REQUIRED WORK: In the entries that follow, copy exactly each line from the first through the line with "Fototapeta na wymiar".

Items listed in a dataset:
*-*-*
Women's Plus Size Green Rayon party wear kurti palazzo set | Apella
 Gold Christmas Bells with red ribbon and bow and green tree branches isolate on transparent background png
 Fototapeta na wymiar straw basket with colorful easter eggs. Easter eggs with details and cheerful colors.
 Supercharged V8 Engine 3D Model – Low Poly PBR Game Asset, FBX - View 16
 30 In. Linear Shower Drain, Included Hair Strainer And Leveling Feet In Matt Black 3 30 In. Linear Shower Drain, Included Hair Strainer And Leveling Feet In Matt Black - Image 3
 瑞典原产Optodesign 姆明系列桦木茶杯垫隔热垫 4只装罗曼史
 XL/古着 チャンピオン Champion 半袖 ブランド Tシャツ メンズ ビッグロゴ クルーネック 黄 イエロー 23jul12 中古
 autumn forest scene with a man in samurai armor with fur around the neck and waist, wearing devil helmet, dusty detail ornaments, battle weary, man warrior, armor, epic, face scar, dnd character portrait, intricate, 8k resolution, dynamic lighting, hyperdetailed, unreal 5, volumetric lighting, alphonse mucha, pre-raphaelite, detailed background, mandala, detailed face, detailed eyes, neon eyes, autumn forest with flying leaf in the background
*-*-*
OUTPUT BELOW:
Women's Plus Size Green Rayon party wear kurti palazzo set | Apella
 Gold Christmas Bells with red ribbon and bow and green tree branches isolate on transparent background png
 Fototapeta na wymiar straw basket with colorful easter eggs. Easter eggs with details and cheerful colors.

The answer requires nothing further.